На той фотографии наша мама сидит на поваленном дереве в своем лиловом крепдешиновом платье, освещенная столь щедрым солнцем, что его лучи выходят за рамки и наполняют нашу комнату исступленным светом былого. Голова ее запрокинута, волосы светятся, золотятся в летнем воздухе того дня. Отец снял маму в сосновом лесу, ты чувствуешь запах хвои в кабинете? Самое яркое пятно на этом снимке — мамино лицо, мама блаженно надкусывает травинку, думая о том, что у нее родится сын. Вот эта былинка — последнее, что подарила фея Золушке, отправляя ее на бал, мамино лицо так и тянется за нею, пьет через нее воздух... Неправда ли, так и хочется продолжить каждую сосну за рамку, раскатать во всю ширину поляну, на которой фотографировал маму отец, подсадив на поваленное дерево, продолжить до неба июльский воздух и таким образом восстановить всю ее загубленную жизнь...

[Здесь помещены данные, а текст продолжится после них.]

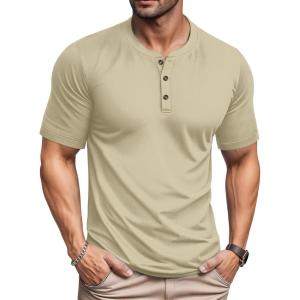 imageMAGCOMSEN Mens Henley Short Sleeve Shirt Cotton Lightweight 3 Button Tops Vintage Casual Summer TShirt Soft FashionKhaki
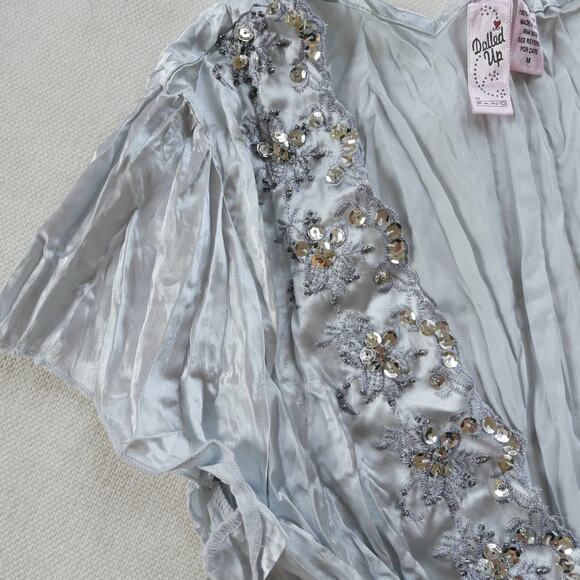 Y2k vintage crinkle top tie front beaded fairy-core M - Picture 3 of 10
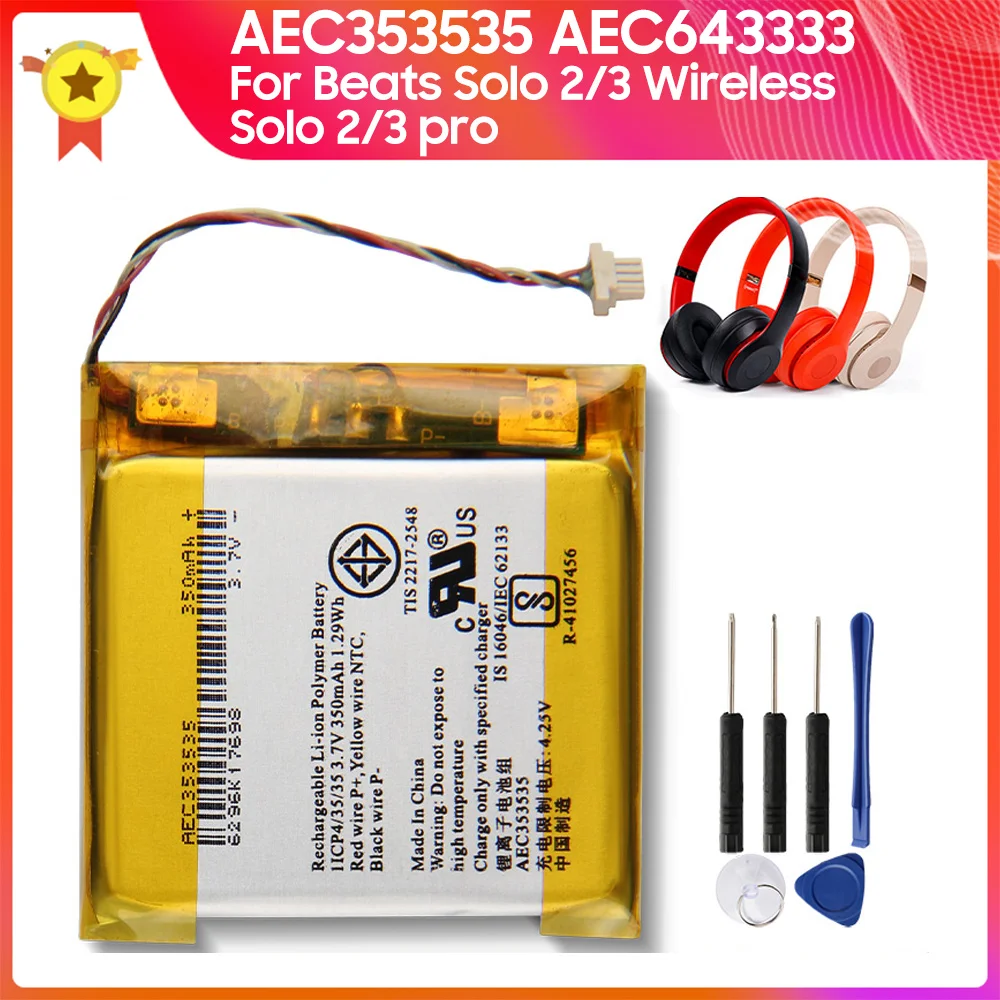 Batteria Di Ricambio Per Cuffie Aec353535 Aec643333 Per Beats Solo 2.0 3.0 2/3 Pro Nuova Batteria Beats Solo3 Wireless + Tools
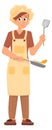 Female chef character in cook hat. Professional kitchen worker Royalty Free Stock Photo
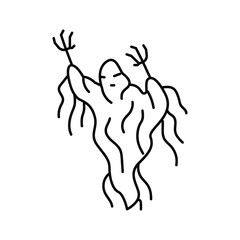 Fototapeta na wymiar ghoul ghost line icon vector illustration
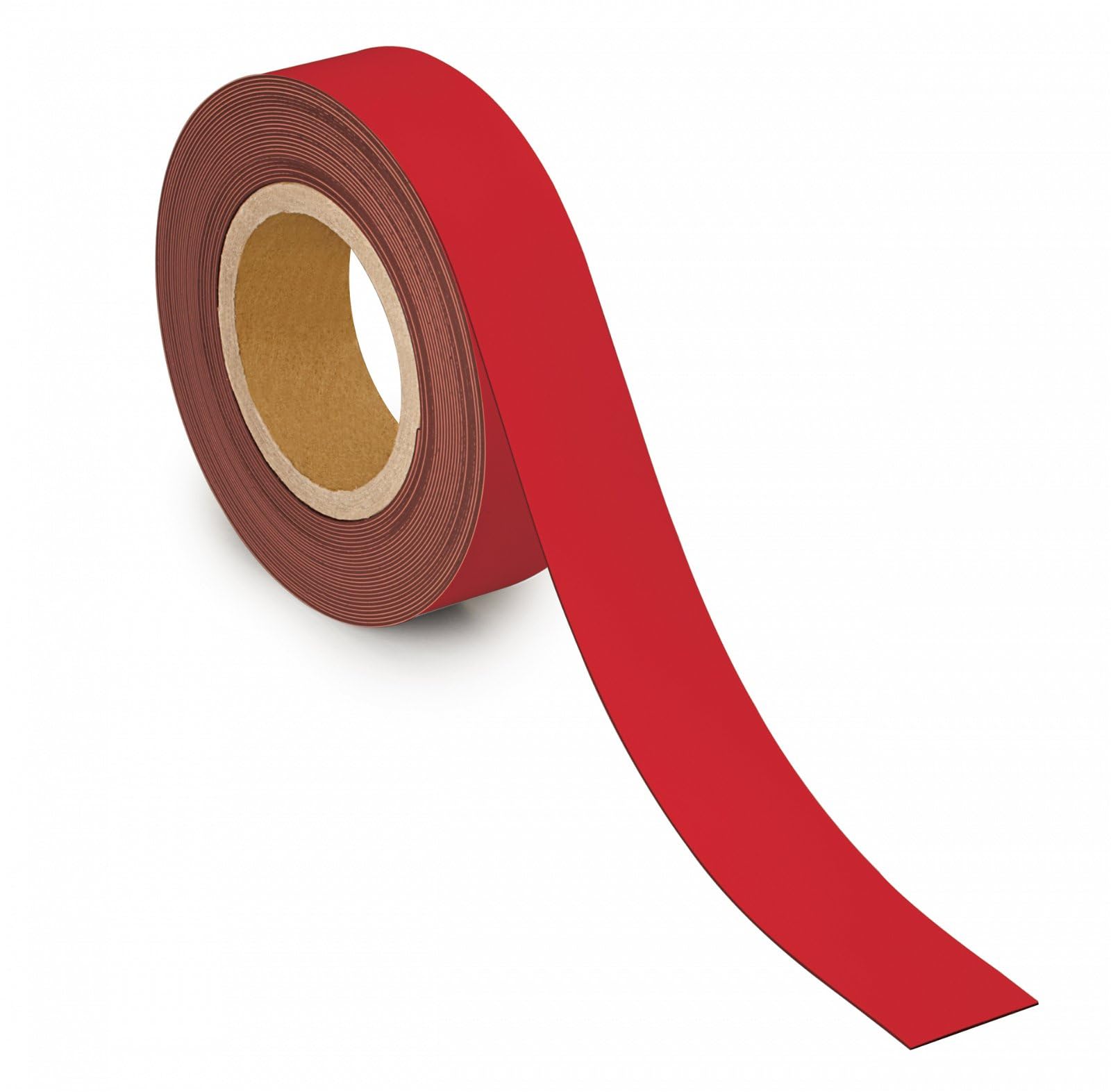 MAUL Labelling Tape 40 mm x 1 mm, Writeable Tape with Magnetic Backing, Versatile in Office, Workshop, Warehouse and Kitchen, Can Be Cut to Size, 10 m Length, Red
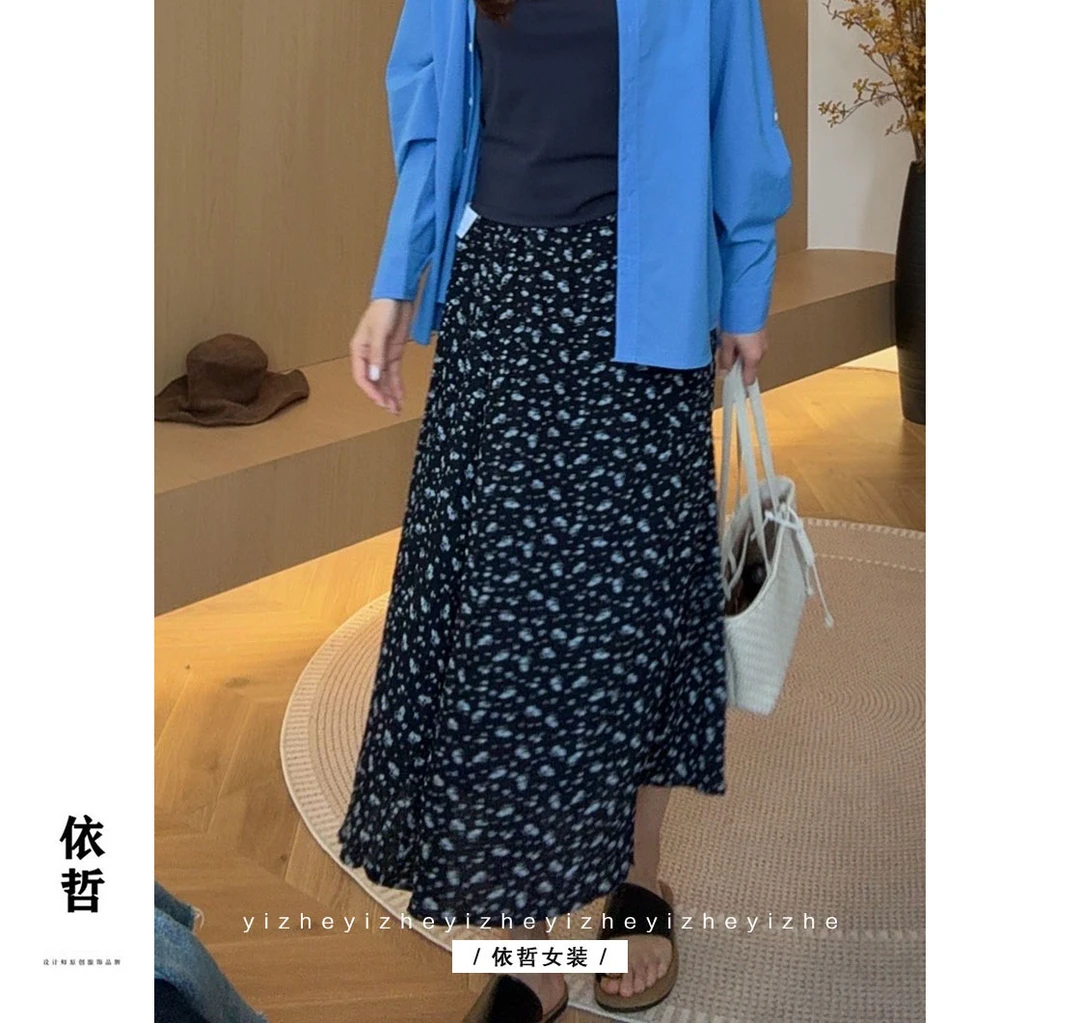 “”藏青碎花裙“”长款女蓝色春夏装高腰显瘦时尚A字裙夏季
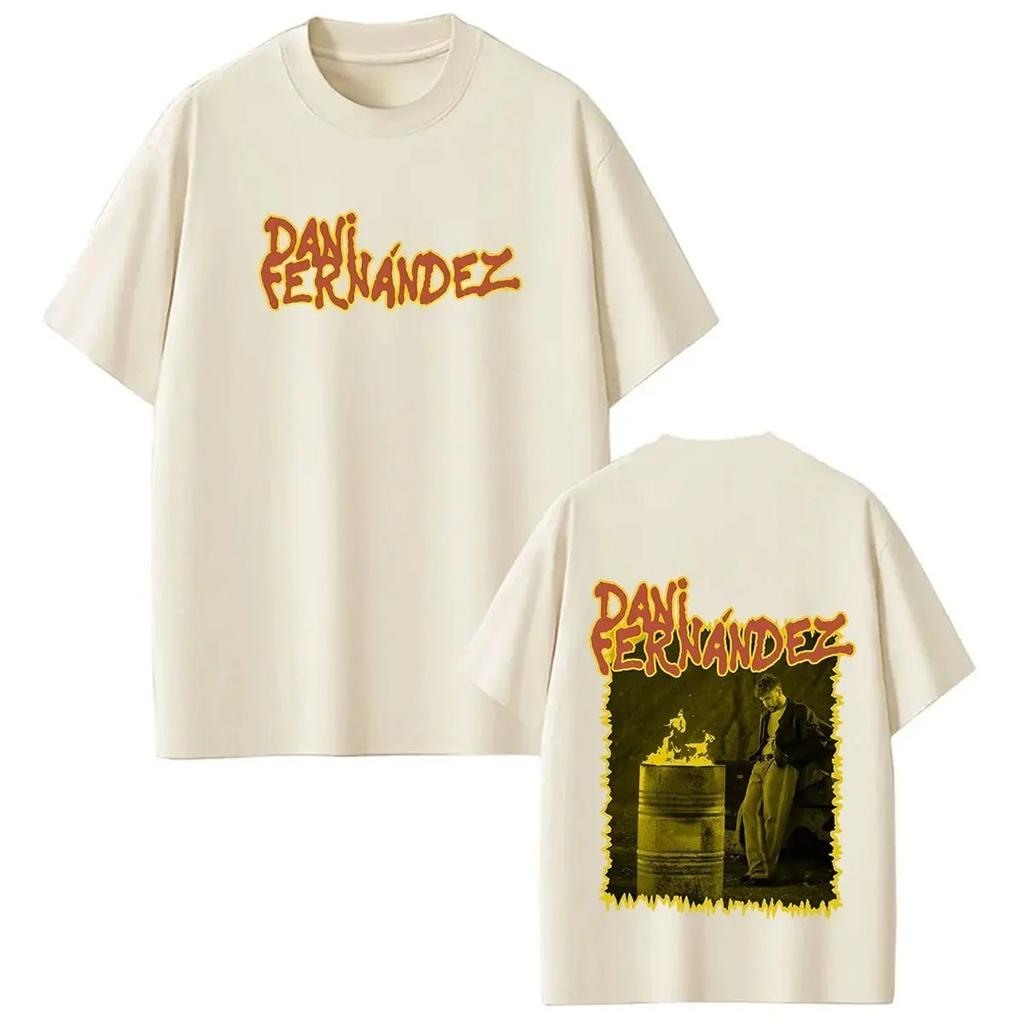 Summer Pure Cotton Casual Loose TShirt Rapper Dani Fernandez 2026 Tour Pattern TShirt Unisex Hip Hop Streetwear TShirt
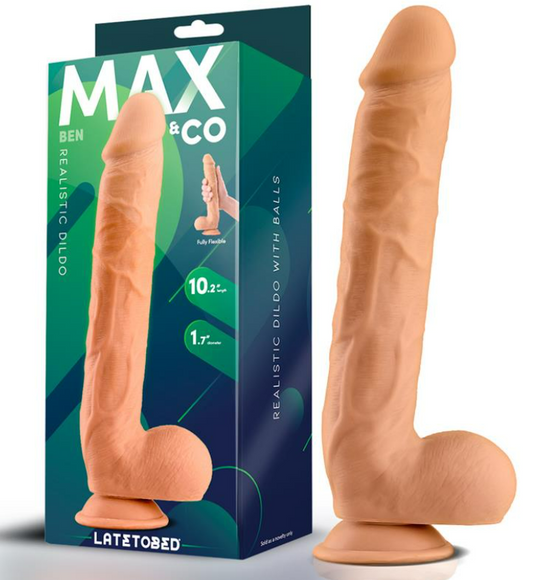 MAX & CO Ben Realistic Dildo with Testicles 10.2" Flesh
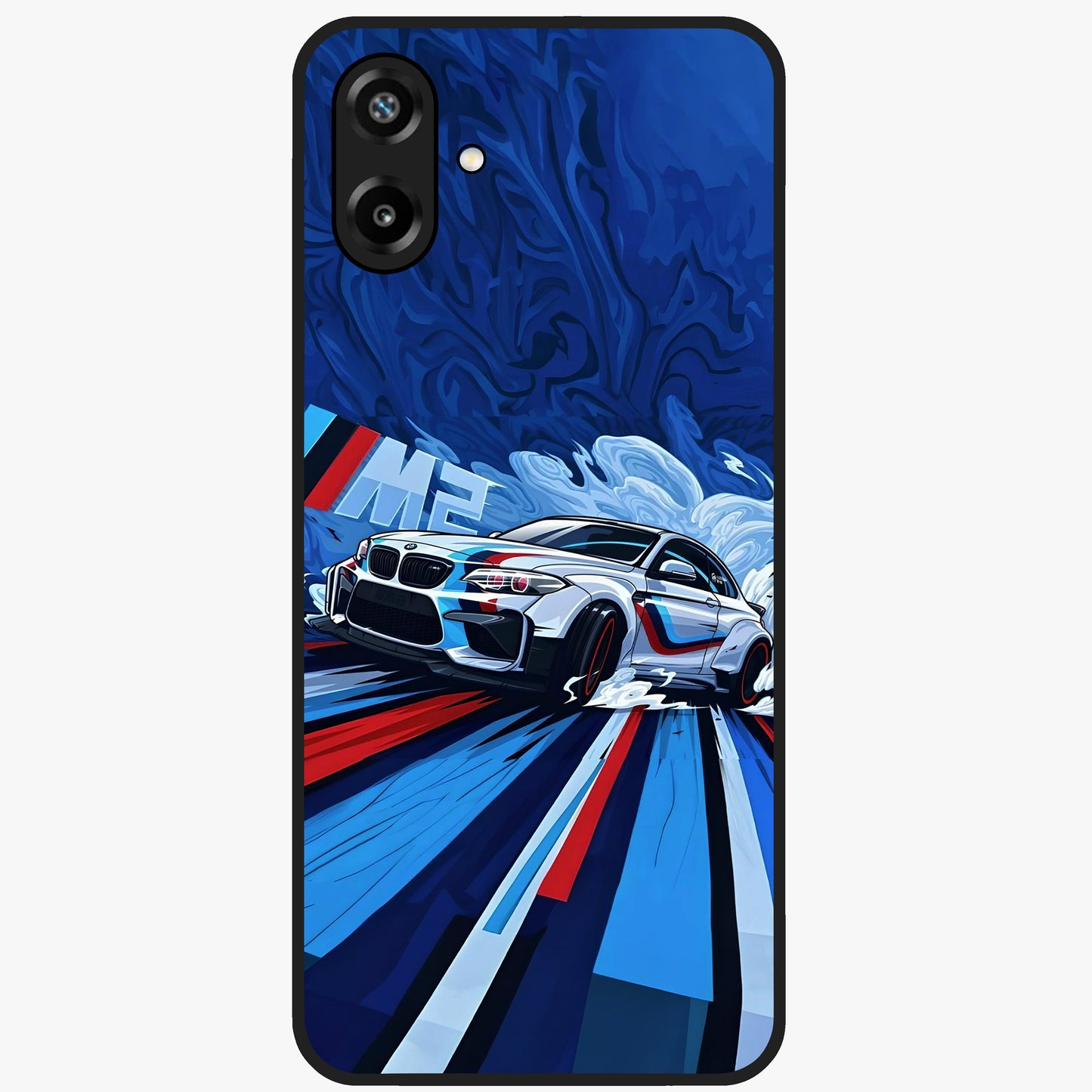 Drift Power Rush Glass Case showing flat back view with dynamic racing inspired artwork and glossy glass finish.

Мы помним ее усталой и надломленной, тянущей крыло из-под руин развалившегося дома. Она как тень неустанно бродила по комнате и с места на место переставляла предметы. Все, от массивного шкафа до статуэтки музы с лирой в руках, утратили постоянное местожительство: не успевала пыль обвести подножия часов на серванте, как они уже переходили на холодильник в кухне, трельяж кочевал по углам как новогодняя елка; дом втягивал в себя мелочи безвозвратно: варежки, логарифмическую линейку, ножницы, ничего нельзя было найти, все уворачивалось от рук и пряталось. Мама постоянно что-то искала. «Ну как же, я точно помню, что в эту вазу положила облигации, Геля, ты убирала последняя...» — «Я ничего не видела, ты сама куда-то сунешь, а потом нас терзаешь». — «Что я, с ума сошла, что ли? Вот в эту вазу!» Вызывающе гремела посудой на кухне, электрические искры пробегали даже по полу, когда она принималась выворачивать наизнанку ящики стола, боль сияющими кругами расходилась по квартире от ее мечущейся фигуры, ее голос проникал во все закоулки, а ее шаги начинали наводить на нас тот же унылый страх, что и разгневанный топот отца. Гелины гаммы долго соперничали с ее нарастающим раздражением, наконец и Геля не выдерживала, срывалась со стула и бросалась на поиски, не столько веря в их успех, сколько просто приноравливая себя к течению урагана. Но не было облигаций, покоя не было. Фурии носились по комнатам, роняли стаканы, дыбом стоял ворс на диванном ковре, хлопали двери: «Нет, я ничего не путаю, вот в эту вазочку, дай, думаю, положу, специально еще запомнила...» Хотелось на этом сквозняке как-нибудь выбрать себя из жизни, хотя бы простейшим методом отчисления: истаять в мириадах возможностей развести прадедов, уговорить судьбу, чтобы наши дедушка и бабушка жили в разных городах, а другие дедушка и бабушка никогда бы вместе не играли на любительской сцене «Отелло», бросить гребень между родителями, чтобы на их пути друг к другу восстали непроходимые леса, разлились моря; вычесть из любови любовь, разъять время, уничтожить самую надежду на свое появление.